Linden Lab's Project Shining and Educators

Location: Valley of Disillusionment

Of the many vexations with Linden Lab, no other exceeds my anger at their inability to understand how the US academic calendar works.

In October 2010, they threw us all for a loop when they decided to jack up tier for educators in the midst of our fiscal year. At the time, educators reacted with confusion, shock, and finally, justifiable anger. Since then, even SL stalwarts have noted the decline in educators using Second Life with their classes, as evidenced by the dwindling of college & university sims, posts to the SLED list, and lower participation in meetings such as our VWER group.

Now, with the mix of classes I teach, as well as research interests, shifting,  I prepare for what is likely my last-ever use of a virtual world in the classroom. I've planned a suitable finale at the Virtual House of Usher, but then I read the Firestorm Viewer blog, noting an easily overlooked Linden Lab announcement from June 2012 about "Project Shining."
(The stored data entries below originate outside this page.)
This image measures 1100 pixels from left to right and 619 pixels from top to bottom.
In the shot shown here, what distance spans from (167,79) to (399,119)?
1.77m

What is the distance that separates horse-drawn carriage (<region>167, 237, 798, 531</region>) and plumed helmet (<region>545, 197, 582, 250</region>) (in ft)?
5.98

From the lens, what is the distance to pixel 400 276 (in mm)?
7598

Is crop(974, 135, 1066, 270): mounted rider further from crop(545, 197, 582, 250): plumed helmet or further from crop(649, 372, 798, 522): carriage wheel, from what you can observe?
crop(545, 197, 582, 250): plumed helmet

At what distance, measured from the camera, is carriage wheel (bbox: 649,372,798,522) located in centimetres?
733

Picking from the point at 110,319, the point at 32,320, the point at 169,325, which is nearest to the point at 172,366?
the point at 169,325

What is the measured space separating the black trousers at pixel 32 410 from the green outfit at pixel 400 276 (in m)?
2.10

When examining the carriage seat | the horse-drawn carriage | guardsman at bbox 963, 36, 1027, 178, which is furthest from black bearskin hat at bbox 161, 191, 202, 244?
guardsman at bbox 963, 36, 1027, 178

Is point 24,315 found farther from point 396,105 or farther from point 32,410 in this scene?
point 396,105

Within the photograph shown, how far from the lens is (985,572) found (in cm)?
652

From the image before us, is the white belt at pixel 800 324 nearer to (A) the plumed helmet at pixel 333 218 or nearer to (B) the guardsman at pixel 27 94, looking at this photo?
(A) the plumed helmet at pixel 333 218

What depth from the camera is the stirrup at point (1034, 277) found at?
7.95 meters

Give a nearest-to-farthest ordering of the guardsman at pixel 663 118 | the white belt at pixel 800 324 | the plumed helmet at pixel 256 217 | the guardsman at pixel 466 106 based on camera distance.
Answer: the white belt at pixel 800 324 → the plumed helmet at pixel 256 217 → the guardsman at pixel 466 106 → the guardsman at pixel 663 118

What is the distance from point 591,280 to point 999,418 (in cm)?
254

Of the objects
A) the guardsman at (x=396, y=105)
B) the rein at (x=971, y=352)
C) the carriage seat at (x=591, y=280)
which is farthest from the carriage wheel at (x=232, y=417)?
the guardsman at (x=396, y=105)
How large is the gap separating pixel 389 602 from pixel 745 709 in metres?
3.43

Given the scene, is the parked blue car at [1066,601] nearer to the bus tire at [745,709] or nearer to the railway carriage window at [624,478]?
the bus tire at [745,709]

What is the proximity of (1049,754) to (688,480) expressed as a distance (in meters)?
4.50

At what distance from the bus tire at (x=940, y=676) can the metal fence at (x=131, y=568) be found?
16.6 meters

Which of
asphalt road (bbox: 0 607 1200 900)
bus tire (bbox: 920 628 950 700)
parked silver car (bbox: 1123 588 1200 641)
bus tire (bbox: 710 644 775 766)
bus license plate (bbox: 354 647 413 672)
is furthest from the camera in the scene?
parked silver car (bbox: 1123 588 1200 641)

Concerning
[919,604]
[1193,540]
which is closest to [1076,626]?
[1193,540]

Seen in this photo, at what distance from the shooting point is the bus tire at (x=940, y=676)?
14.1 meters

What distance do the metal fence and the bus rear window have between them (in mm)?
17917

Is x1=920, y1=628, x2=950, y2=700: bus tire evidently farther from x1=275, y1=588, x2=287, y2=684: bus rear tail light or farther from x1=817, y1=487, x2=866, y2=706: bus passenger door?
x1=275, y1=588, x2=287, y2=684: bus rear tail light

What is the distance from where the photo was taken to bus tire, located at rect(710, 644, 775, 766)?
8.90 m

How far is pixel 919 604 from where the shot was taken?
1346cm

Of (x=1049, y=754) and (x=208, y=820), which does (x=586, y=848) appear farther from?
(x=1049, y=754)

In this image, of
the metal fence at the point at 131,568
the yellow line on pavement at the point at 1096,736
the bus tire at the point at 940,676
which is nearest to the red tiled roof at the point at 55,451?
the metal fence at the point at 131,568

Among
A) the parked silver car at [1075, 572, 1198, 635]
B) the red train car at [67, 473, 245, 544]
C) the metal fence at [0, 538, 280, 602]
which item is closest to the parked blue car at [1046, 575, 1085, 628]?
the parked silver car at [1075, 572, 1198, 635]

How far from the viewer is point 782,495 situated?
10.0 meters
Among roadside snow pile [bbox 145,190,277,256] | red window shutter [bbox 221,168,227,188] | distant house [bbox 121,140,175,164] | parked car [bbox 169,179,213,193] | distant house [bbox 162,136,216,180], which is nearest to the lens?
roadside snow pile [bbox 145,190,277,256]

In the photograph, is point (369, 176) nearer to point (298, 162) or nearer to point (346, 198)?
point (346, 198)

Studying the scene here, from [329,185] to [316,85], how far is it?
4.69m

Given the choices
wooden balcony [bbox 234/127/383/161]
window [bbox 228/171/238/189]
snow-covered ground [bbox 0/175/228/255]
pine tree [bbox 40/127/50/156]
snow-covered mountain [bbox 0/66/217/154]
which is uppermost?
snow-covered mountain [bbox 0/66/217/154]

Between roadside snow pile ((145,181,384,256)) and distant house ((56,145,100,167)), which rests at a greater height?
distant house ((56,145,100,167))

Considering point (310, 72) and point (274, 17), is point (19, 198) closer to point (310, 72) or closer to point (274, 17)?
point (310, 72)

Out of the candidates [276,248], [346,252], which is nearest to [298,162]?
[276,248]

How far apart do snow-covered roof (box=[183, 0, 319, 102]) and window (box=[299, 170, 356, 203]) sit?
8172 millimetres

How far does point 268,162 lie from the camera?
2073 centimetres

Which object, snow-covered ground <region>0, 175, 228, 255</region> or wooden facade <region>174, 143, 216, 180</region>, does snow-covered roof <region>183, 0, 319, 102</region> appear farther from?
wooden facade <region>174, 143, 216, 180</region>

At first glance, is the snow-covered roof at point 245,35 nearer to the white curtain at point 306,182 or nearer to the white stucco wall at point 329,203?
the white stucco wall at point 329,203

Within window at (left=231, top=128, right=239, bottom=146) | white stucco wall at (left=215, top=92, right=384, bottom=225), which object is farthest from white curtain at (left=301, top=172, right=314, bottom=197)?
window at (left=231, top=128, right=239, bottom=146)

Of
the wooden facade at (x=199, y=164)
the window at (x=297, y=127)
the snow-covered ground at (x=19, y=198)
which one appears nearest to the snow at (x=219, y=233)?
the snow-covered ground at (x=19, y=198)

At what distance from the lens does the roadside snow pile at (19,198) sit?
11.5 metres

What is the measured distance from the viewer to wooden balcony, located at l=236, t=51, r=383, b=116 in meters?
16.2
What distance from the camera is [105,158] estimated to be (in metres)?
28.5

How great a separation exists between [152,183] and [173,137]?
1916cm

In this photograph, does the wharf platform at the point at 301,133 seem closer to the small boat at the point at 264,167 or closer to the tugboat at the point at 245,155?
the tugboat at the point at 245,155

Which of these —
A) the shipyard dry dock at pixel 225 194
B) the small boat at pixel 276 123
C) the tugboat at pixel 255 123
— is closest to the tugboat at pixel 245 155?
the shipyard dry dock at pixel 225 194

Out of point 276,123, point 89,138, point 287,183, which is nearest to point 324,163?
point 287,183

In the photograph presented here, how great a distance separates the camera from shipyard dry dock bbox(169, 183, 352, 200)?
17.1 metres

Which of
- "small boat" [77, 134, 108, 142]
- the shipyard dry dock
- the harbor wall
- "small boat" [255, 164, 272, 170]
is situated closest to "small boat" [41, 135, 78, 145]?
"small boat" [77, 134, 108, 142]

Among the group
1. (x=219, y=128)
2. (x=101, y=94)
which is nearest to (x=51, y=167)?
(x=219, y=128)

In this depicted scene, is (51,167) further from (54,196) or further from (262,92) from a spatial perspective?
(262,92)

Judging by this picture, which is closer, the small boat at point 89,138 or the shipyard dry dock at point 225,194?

On the surface, the switch to "server-side baking" will reduce one of SL's vexing problems of avatars not rendering properly. That's of interest to every category of user. For the technical details well explained, I point readers to Inara Pey's post on this topic.

Yet once again, the Lab prepares a massive change to its viewer software without considering what educational institutions might do mid-term in a semester. Project Shining will apparently roll out this month, just in time for my students' final examinations involving Usher.  For some schools, it will mean more and finding a Plan B viewer that works on a few computers: lab software often gets changed over summer and winter breaks. This is one reason my school, even during SL's honeymoon era when our IT staff had avatars, never installed any viewer on our lab images.

Now these folks, like many IT staff nationally, have forgotten their SL flirtations and have focused on the new (and more promising) shiny object, mobile devices.  No way I could get an SL-based project on their radar.

Yet thanks to the good will of Evelyn McElhinney of Glasgow Caledonian University, Usher returned to Second Life, with the structure of the House built at Jokaydia Grid and many props added from SL builders such as Morris Mertel and Trident. I've been shopping for a combat system too, all of which would support the hard-working, long-suffering content creators of the virtual world. They are probably the only group to suffer more than educators from Linden changes. Every time a server-code update breaks a script, it means more work for them.

The last time Usher ran for my class, I used my Jokaydia Grid's build, soon to be packed up as a final OAR as I end my work in OpenSim as well. Jokay's grid has moved to OSgrid and I've not yet logged on to check if my Plan B works. Expect an update here, and soon.

Thus I'm not sure we'll use Second Life for the exam. Expect an update on my decision after Jessica Lyon of Firestorm meets with VWER members later today, to talk about what her team is doing to be ready for the big update.